== GIVEN RECORDS

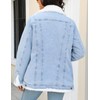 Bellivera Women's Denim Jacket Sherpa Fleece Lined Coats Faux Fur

====
== GIVEN RECORDS

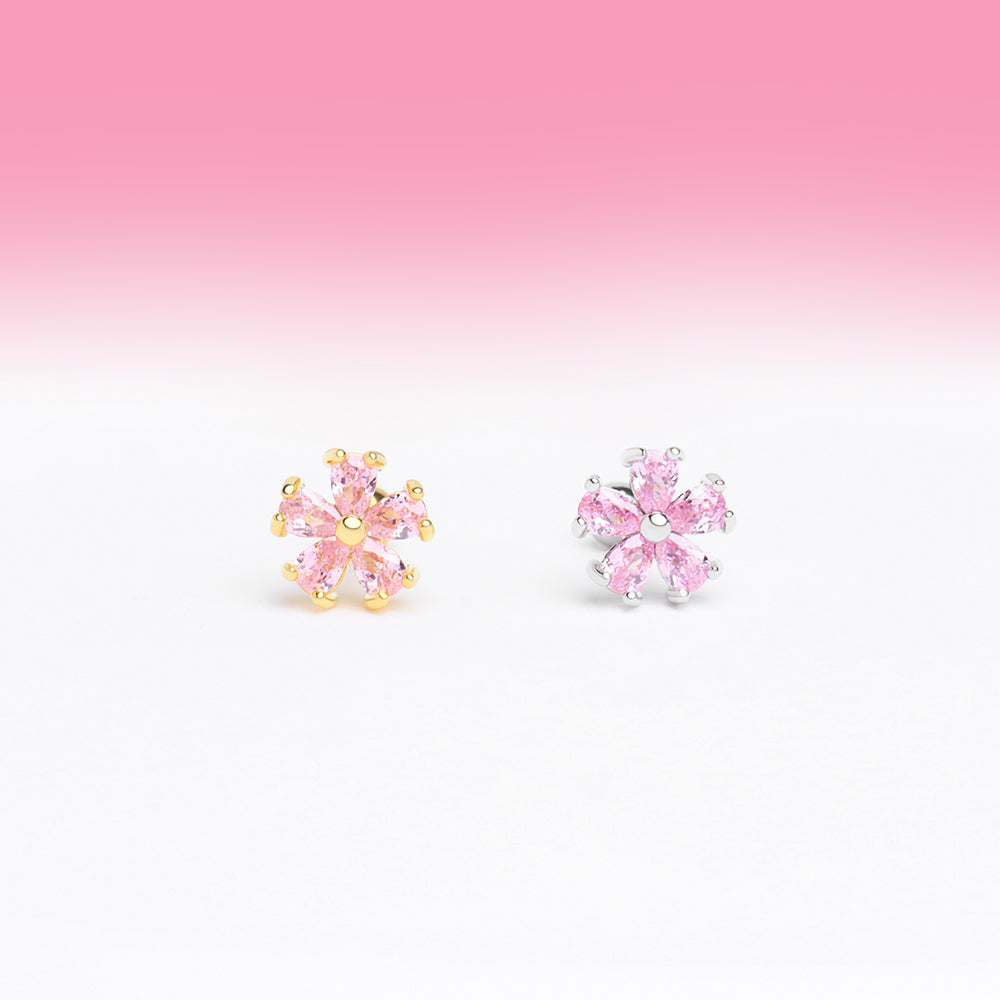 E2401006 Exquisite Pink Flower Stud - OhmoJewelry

====
== GIVEN RECORDS

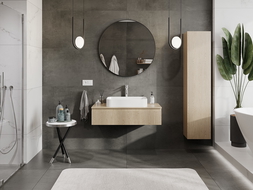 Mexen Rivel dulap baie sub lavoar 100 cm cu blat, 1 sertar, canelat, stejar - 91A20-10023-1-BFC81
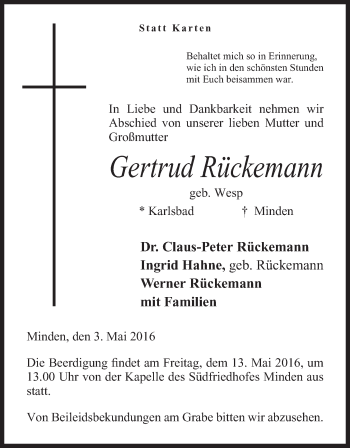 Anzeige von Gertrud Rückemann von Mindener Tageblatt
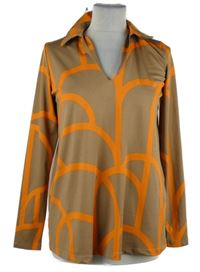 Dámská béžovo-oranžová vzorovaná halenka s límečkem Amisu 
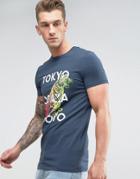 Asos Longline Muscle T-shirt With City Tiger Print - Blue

====

→ **EXERCISE**: Using the data above, retype exactly and only the lines from the one containing "Anzeige von Gertrud" up to and including the one containing "Asos Longline Muscle", with no pictures carried over.

→ **COMPLETED TASK**:
 Anzeige von Gertrud Rückemann von Mindener Tageblatt
 Dámská béžovo-oranžová vzorovaná halenka s límečkem Amisu 
 Asos Longline Muscle T-shirt With City Tiger Print - Blue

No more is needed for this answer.